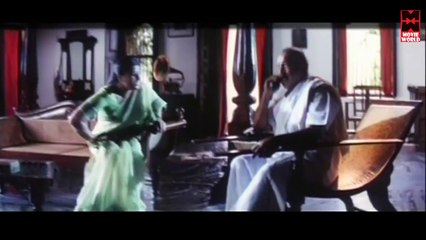 Oriya Movie Full || Satrubinasaka || Ravi Teja,Shriya Saran || Odia Movie Full Mini Movie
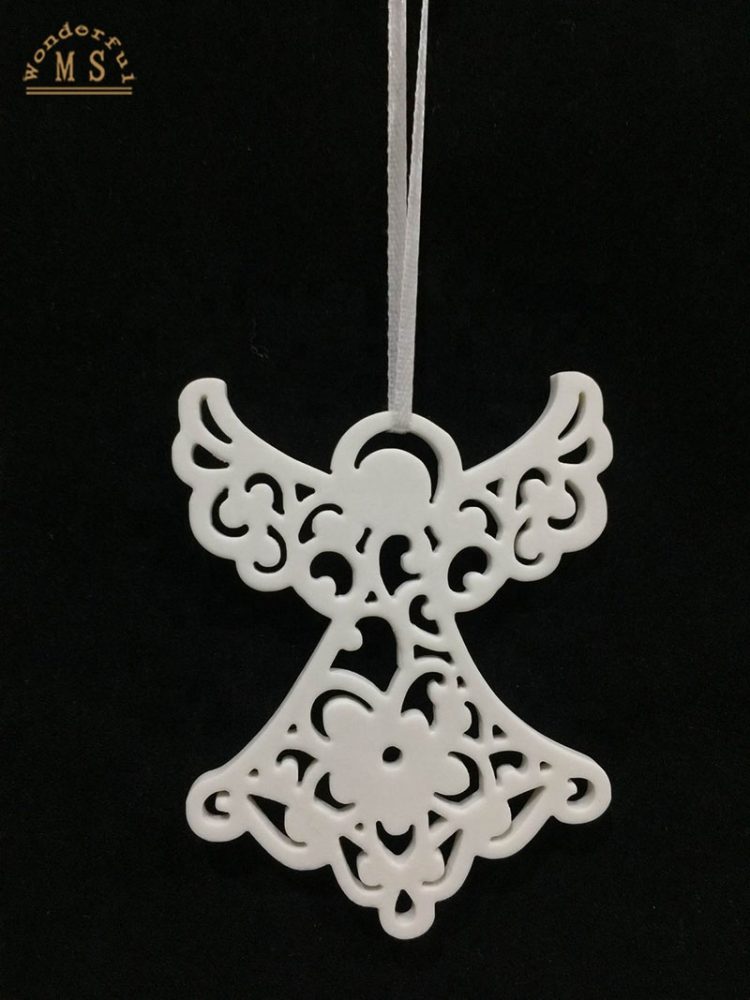 Hc86d3fcc4b834fba82522adab6836ff8q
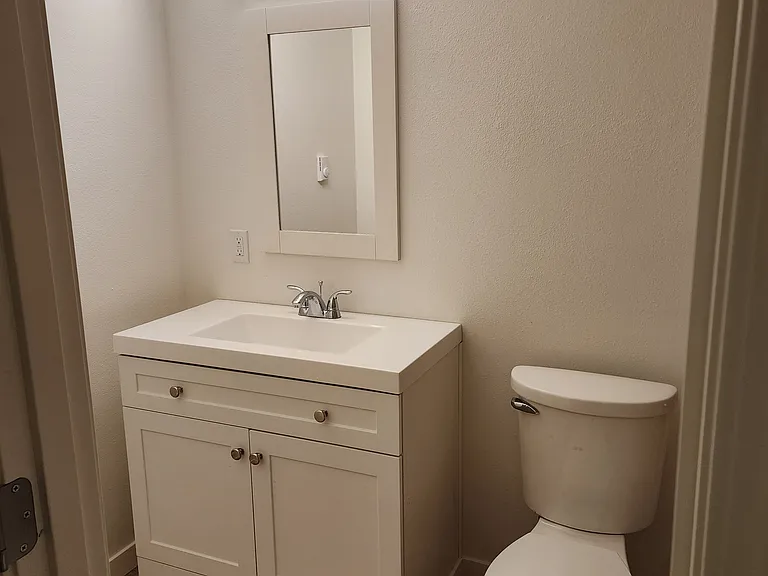 3212 Wetmore Ave #5 — Photo 8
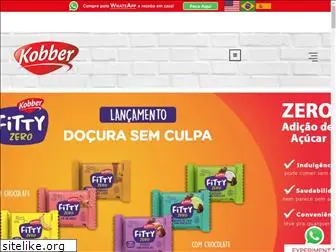 kobber.com.br
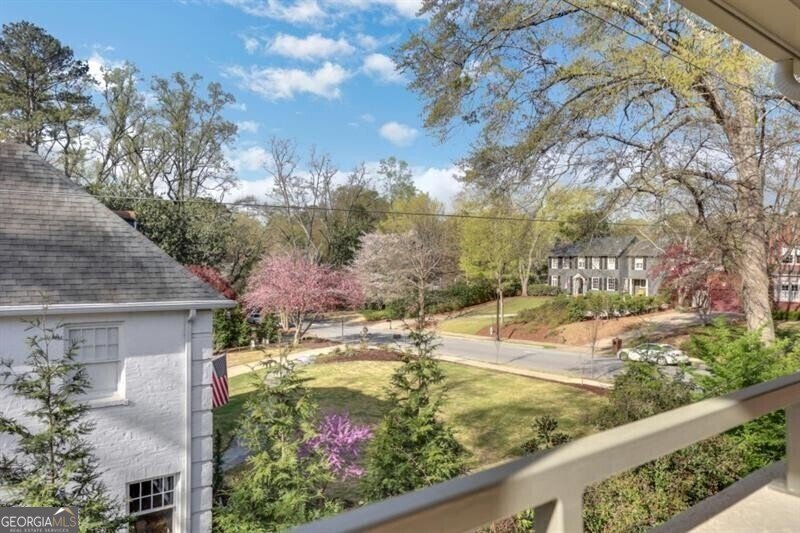 1211 Oakdale Road Atlanta - 37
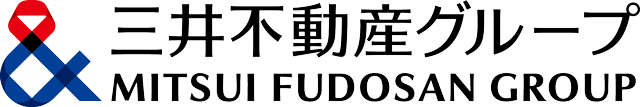 海丽客兰尼冲绳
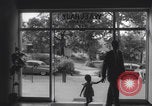 Immagine di Waluhaje Apartments Atlanta Atlanta Georgia USA, 1960, secondo 47 filmato di repertorio 65675079730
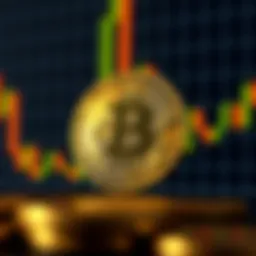 Understanding Candlestick Patterns: A Guide for Crypto Enthusiasts Introduction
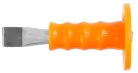 veso_strend_pro_cc480_150_mm_lapos_pvc_markolattal_es_vedovel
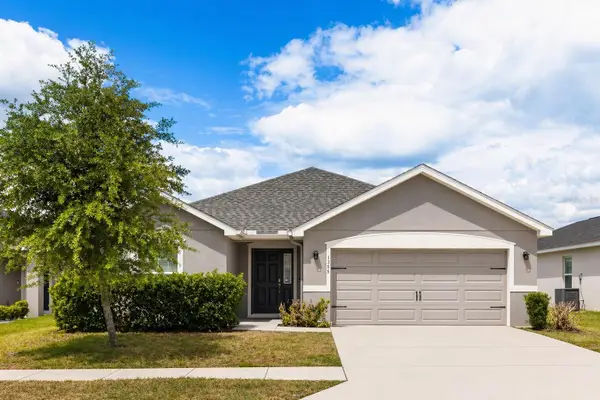 1385 Mezzavalle Way, AUBURNDALE, FL 33823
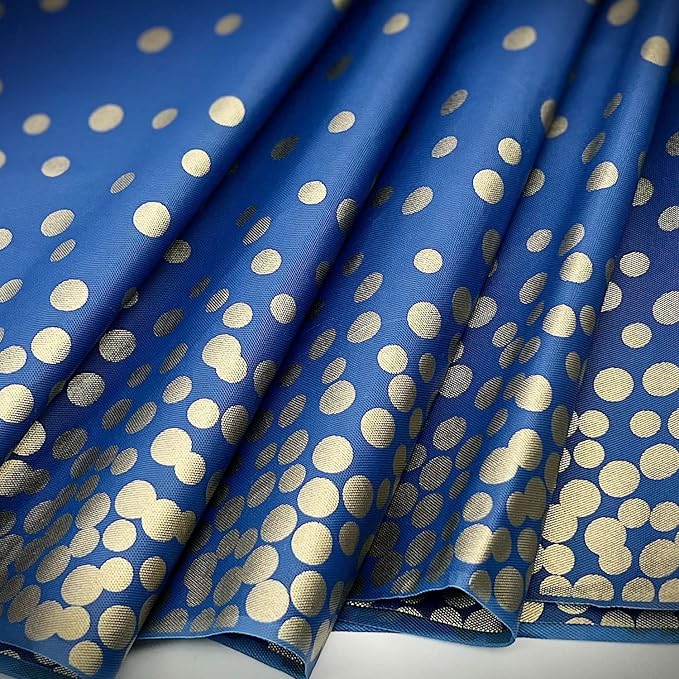 Navy Blue Birthday Party Tablecloths 2 Pcs-Birthday Graduation Table Cover, Plastic Disposable Waterproof Tablecloth, Confetti TableCover for Parties 54 x 108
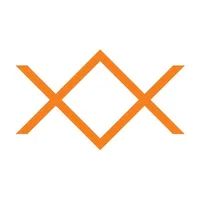 Sandboxx Corp. icon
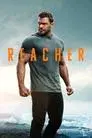 Reacher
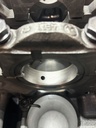 MTD-486650-9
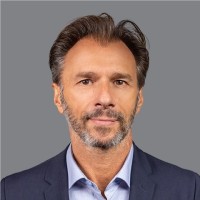 Marc Olivier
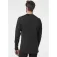 Helly hansen Lifa Merino Midweight Crew long sleeve base layer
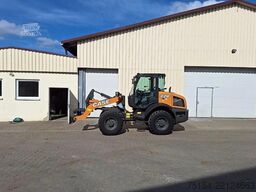 Case IH 221 F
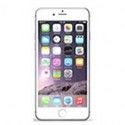 قطعات گوشی موبایل Apple iPhone 7 Plus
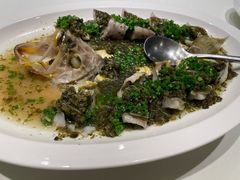 -屋里厢上海菜馆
• • • • • • •
Your objective:
Repeat exactly the lines in the entries from the one containing "1385 Mezzavalle Way, AUBURNDALE, FL 33823" to the final line, inclusive, and nothing beyond them; skip pictures.

Solution for this exercise:
 1385 Mezzavalle Way, AUBURNDALE, FL 33823
 Navy Blue Birthday Party Tablecloths 2 Pcs-Birthday Graduation Table Cover, Plastic Disposable Waterproof Tablecloth, Confetti TableCover for Parties 54 x 108
 Sandboxx Corp. icon
 Reacher
 MTD-486650-9
 Marc Olivier
 Helly hansen Lifa Merino Midweight Crew long sleeve base layer
 Case IH 221 F
 قطعات گوشی موبایل Apple iPhone 7 Plus
 -屋里厢上海菜馆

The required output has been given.